DATA TO EXAMINE -

*** Block opens ***

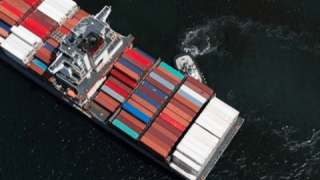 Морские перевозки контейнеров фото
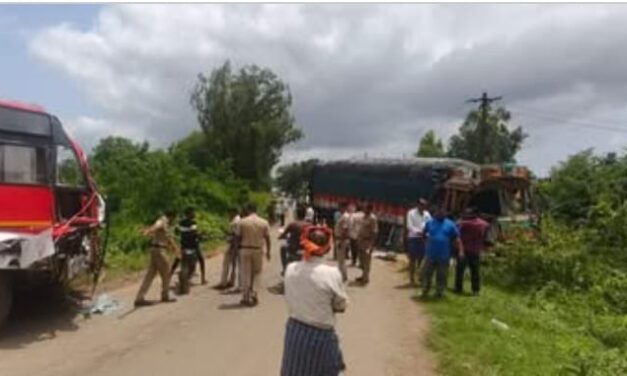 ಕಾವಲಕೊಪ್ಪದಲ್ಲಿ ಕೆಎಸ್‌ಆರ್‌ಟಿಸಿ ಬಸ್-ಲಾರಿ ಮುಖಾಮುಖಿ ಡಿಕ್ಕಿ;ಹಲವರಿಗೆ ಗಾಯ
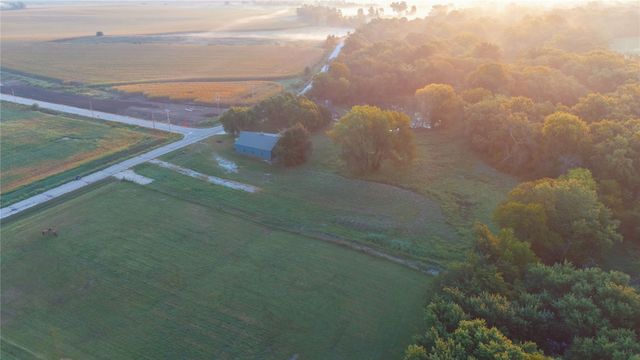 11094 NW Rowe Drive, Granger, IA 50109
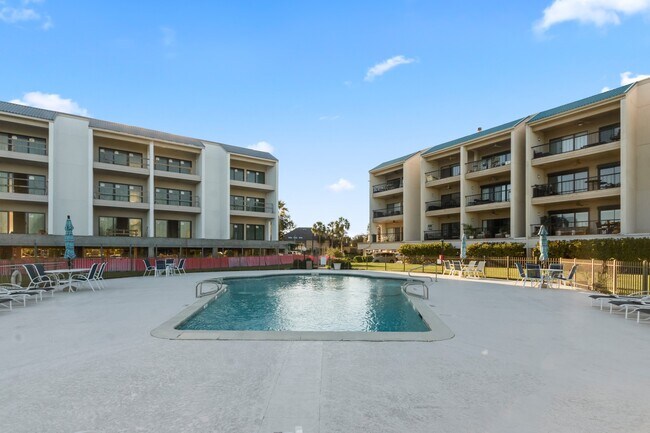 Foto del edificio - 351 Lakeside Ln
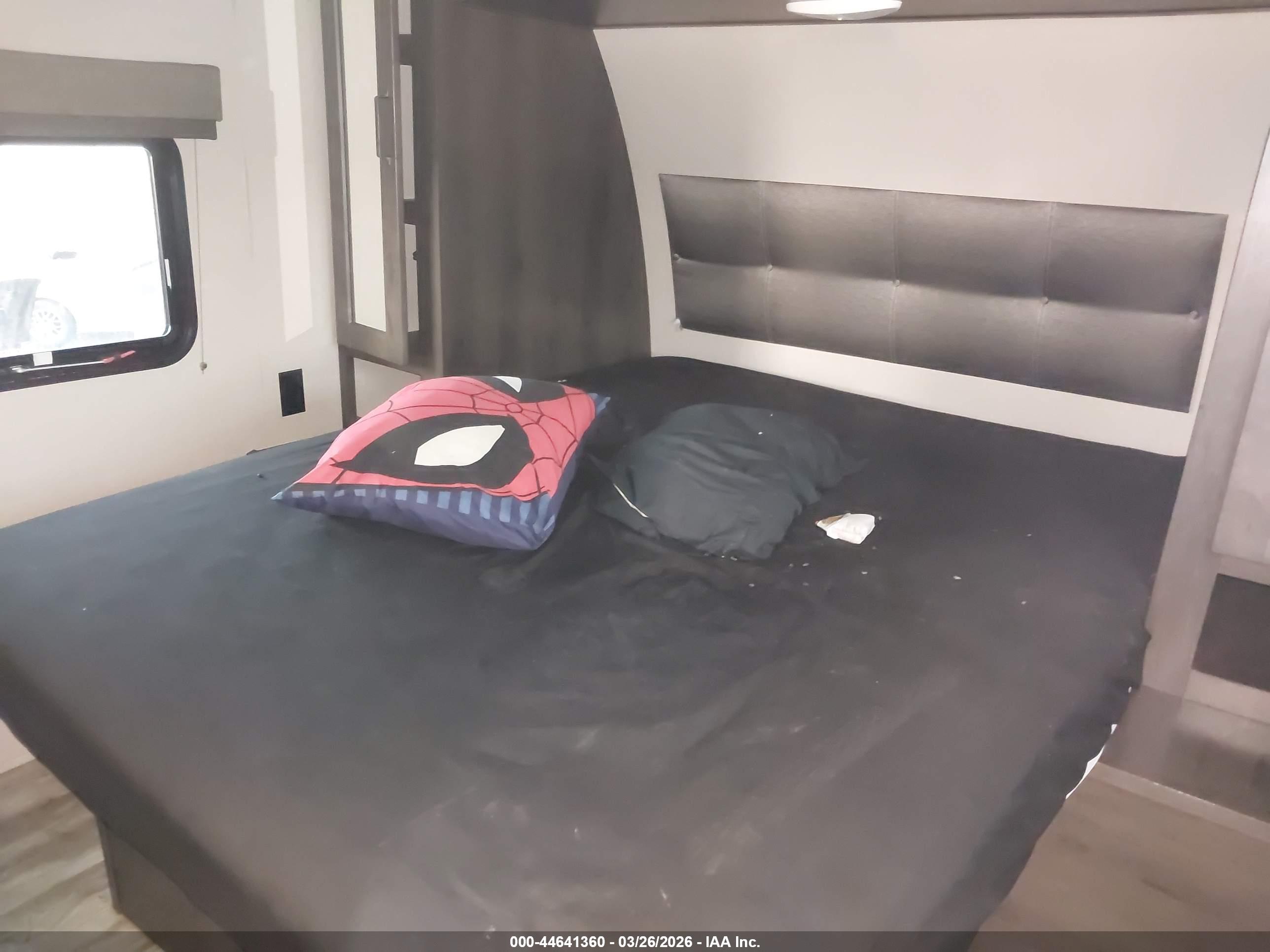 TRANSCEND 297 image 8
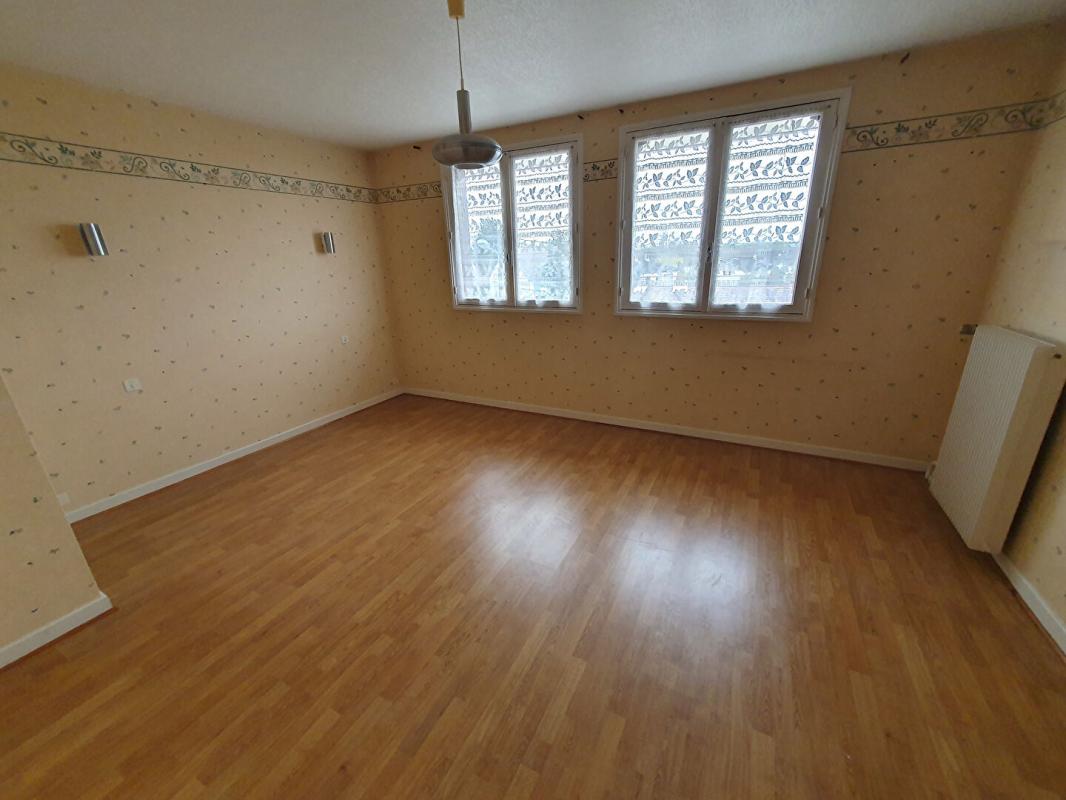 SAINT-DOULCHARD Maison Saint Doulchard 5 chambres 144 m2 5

*** Block closes ***

ACTIVITY - Print each entry shown above with exact wording and no pictures.

SOLUTION TO THE EXERCISE -
 Морские перевозки контейнеров фото
 ಕಾವಲಕೊಪ್ಪದಲ್ಲಿ ಕೆಎಸ್‌ಆರ್‌ಟಿಸಿ ಬಸ್-ಲಾರಿ ಮುಖಾಮುಖಿ ಡಿಕ್ಕಿ;ಹಲವರಿಗೆ ಗಾಯ
 11094 NW Rowe Drive, Granger, IA 50109
 Foto del edificio - 351 Lakeside Ln
 TRANSCEND 297 image 8
 SAINT-DOULCHARD Maison Saint Doulchard 5 chambres 144 m2 5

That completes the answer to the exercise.